Please repeat each line from the one holding "Business people hold" through the final line of the data, exactly as it stands, with no pictures.

------ DATA RECORDS

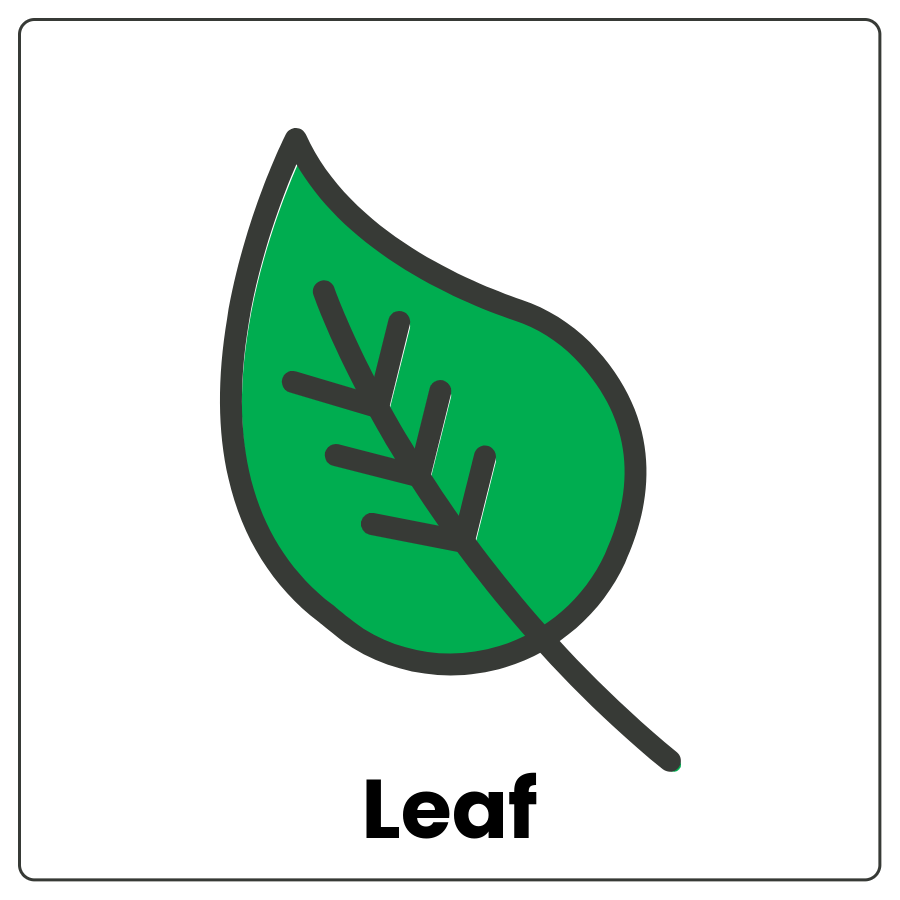 Visual Cue: Leaf - Leaf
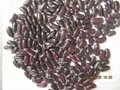 dark red kidney beans 2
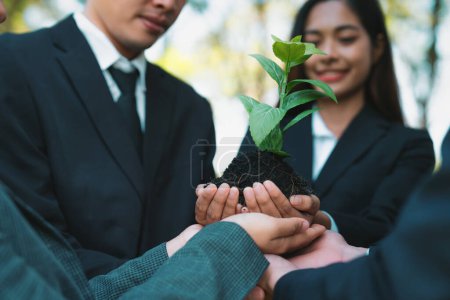 Business people hold plant together in unity and teamwork concept of eco company committed to corporate social responsible, reducing CO2 emission, embrace ESG principle for sustainable future. Gyre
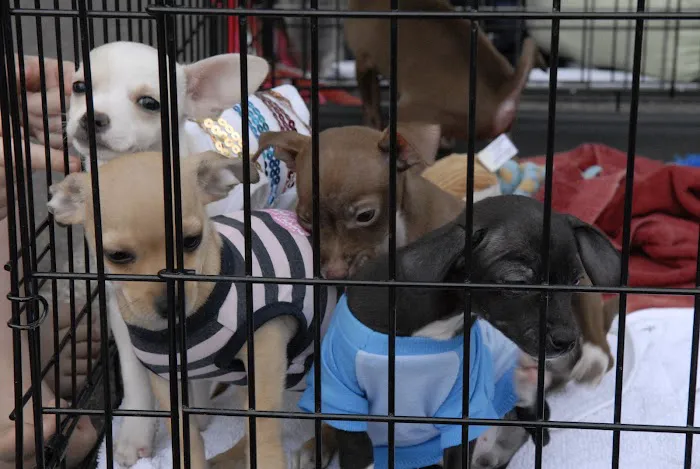San Tan Animal Hospital Picture 5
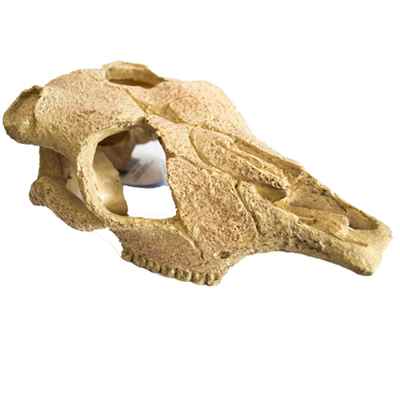 Akvaryum Dekoru Kuru Kafa (16,5x10,5x12)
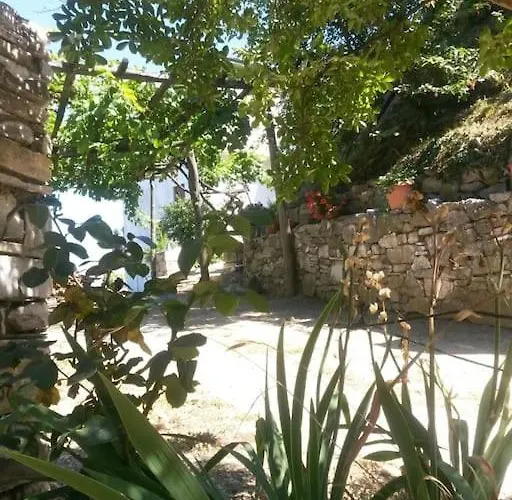 Xrysanthi's Dream House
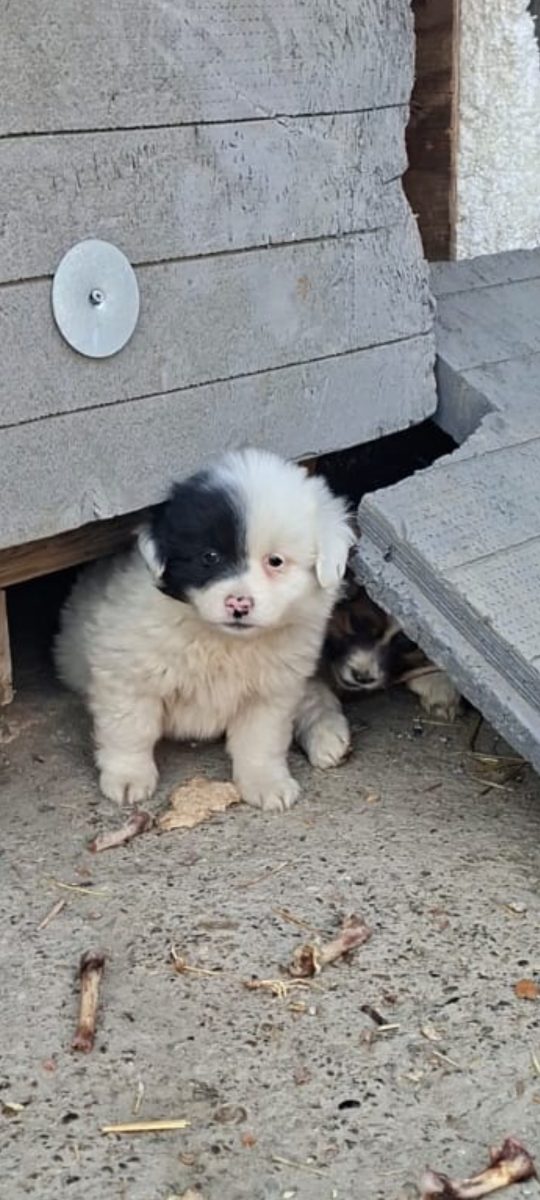 🚨 URGENT – CĂȚELUȘ PENTRU ADOPȚIE 🐶🤍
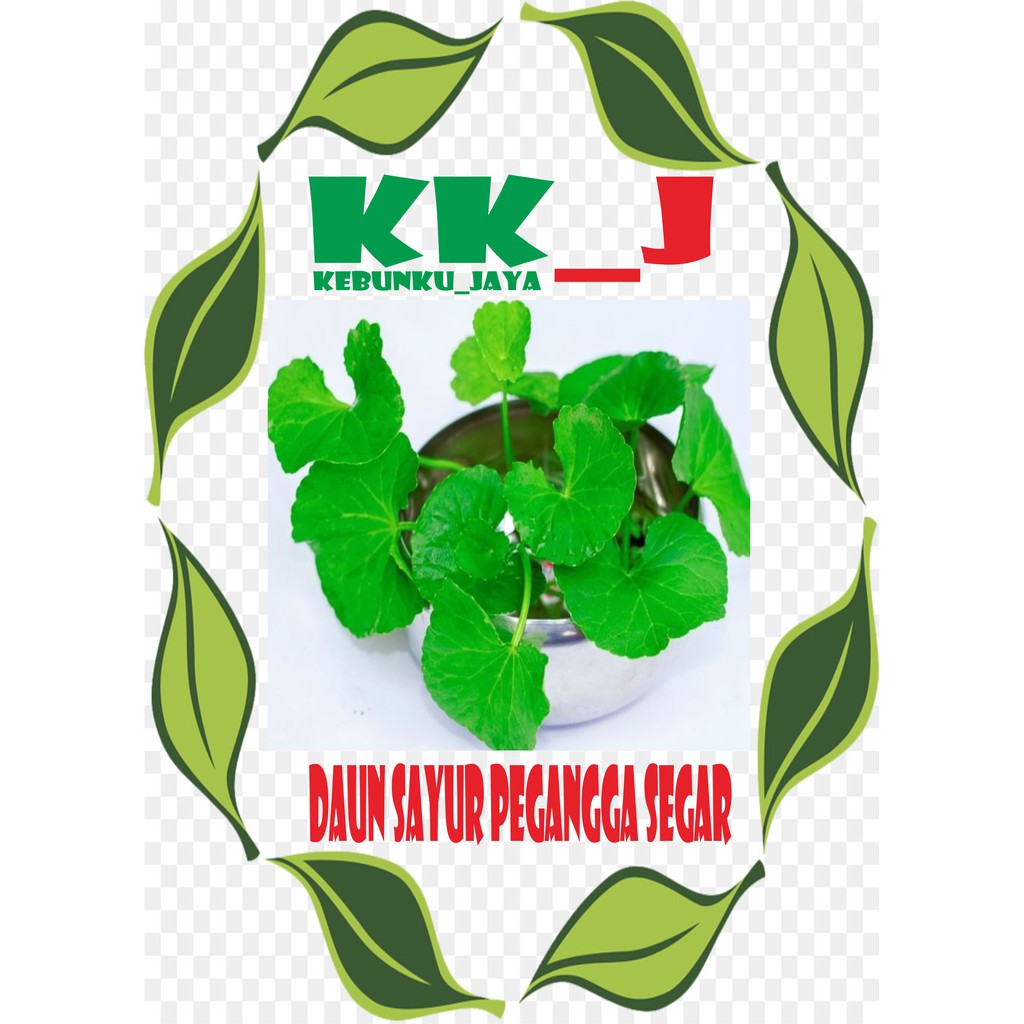 

DAUN PEGANGGA SEGAR SIAP MAKAN KEBUNKU_JAYA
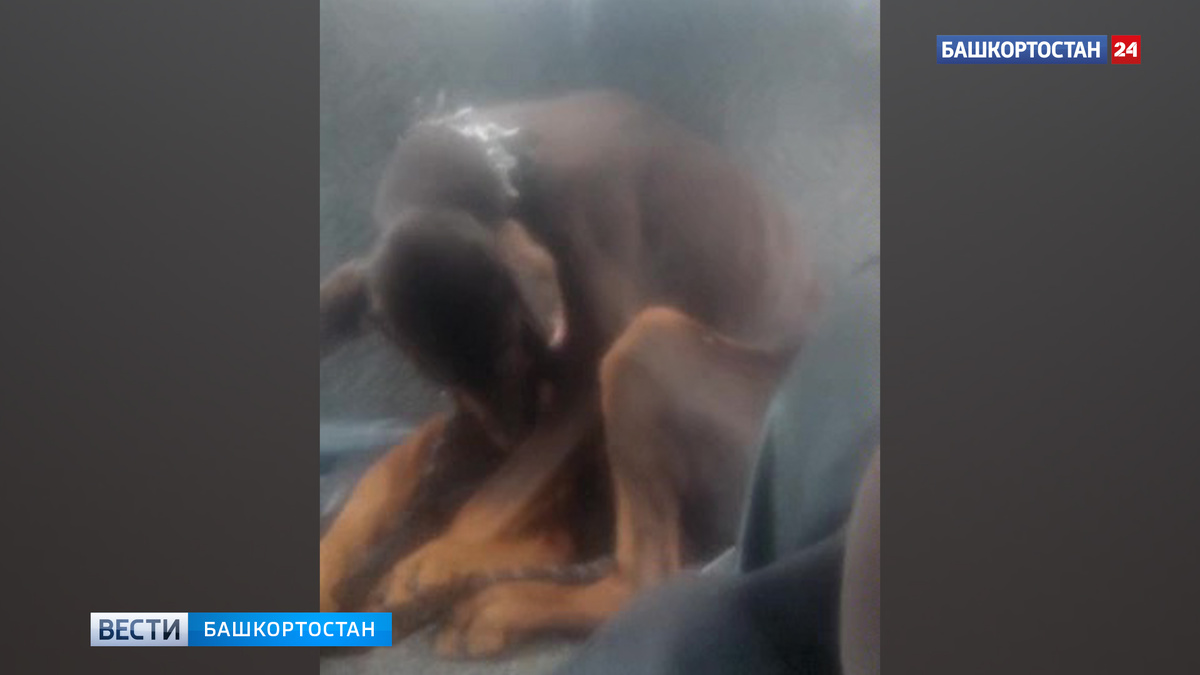    В Уфе неизвестные привязали истощенного добермана к забору и бросили на улице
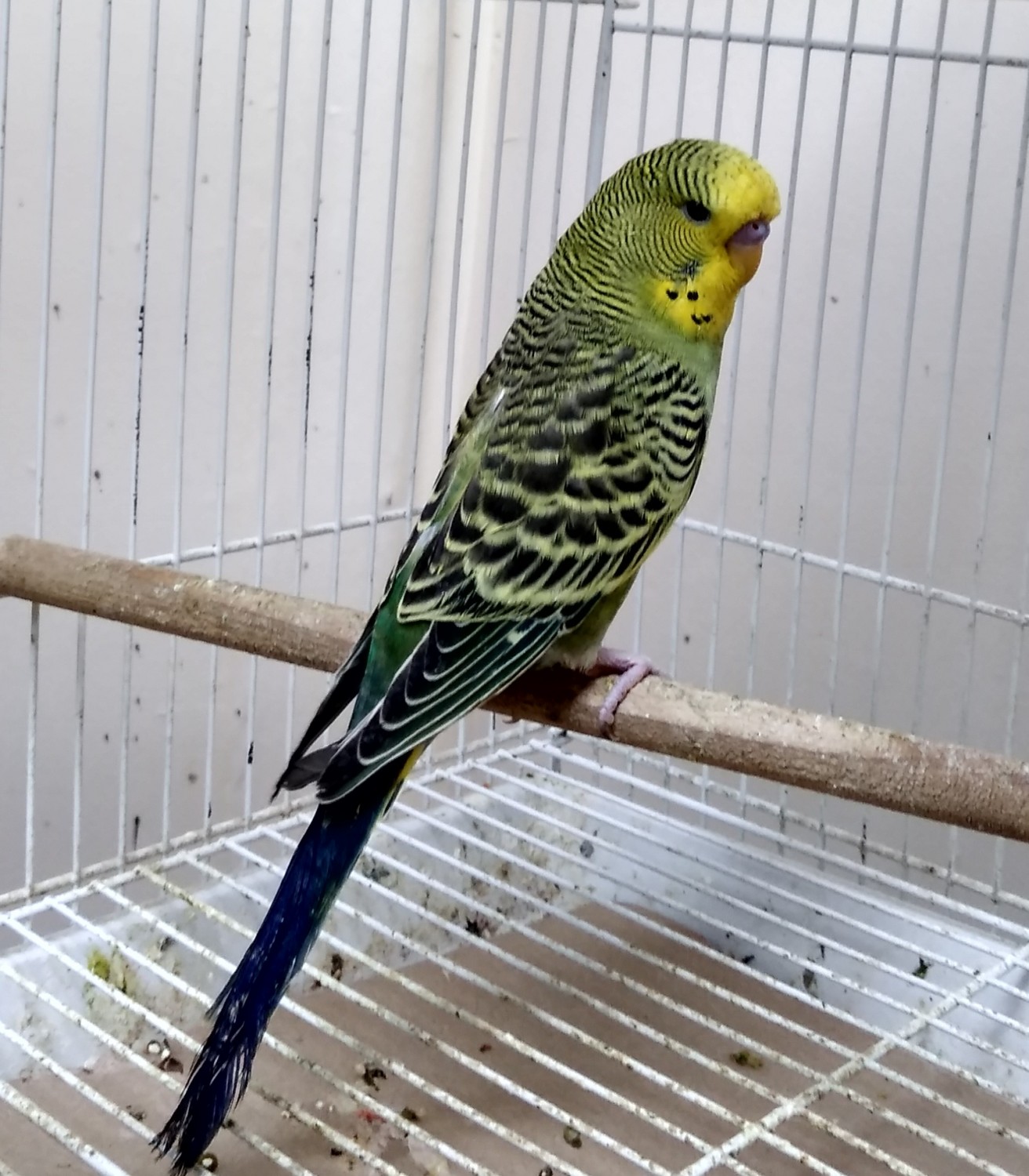 Budgerigar (103).jpg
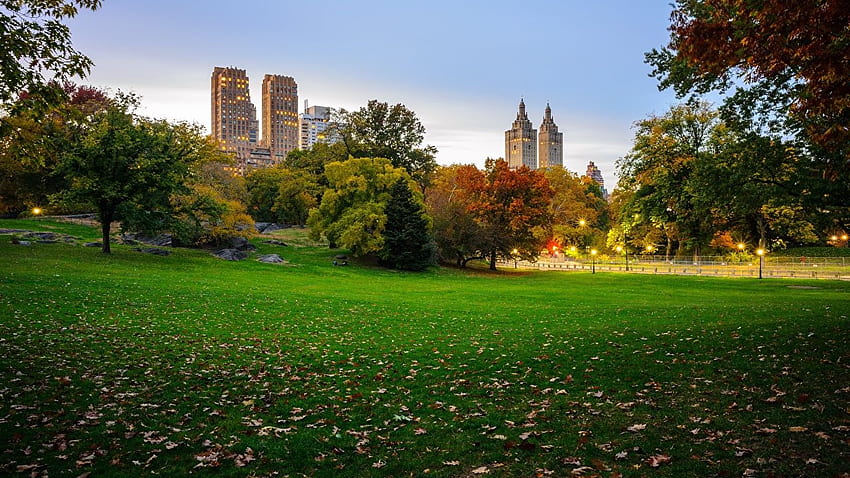 New York City USA Central Park Naturparks Gras HD-Hintergrundbild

------------

- _WRITTEN SOLUTION_:
 Business people hold plant together in unity and teamwork concept of eco company committed to corporate social responsible, reducing CO2 emission, embrace ESG principle for sustainable future. Gyre
San Tan Animal Hospital Picture 5
 Akvaryum Dekoru Kuru Kafa (16,5x10,5x12)
 Xrysanthi's Dream House
 🚨 URGENT – CĂȚELUȘ PENTRU ADOPȚIE 🐶🤍

DAUN PEGANGGA SEGAR SIAP MAKAN KEBUNKU_JAYA
    В Уфе неизвестные привязали истощенного добермана к забору и бросили на улице
 Budgerigar (103).jpg
 New York City USA Central Park Naturparks Gras HD-Hintergrundbild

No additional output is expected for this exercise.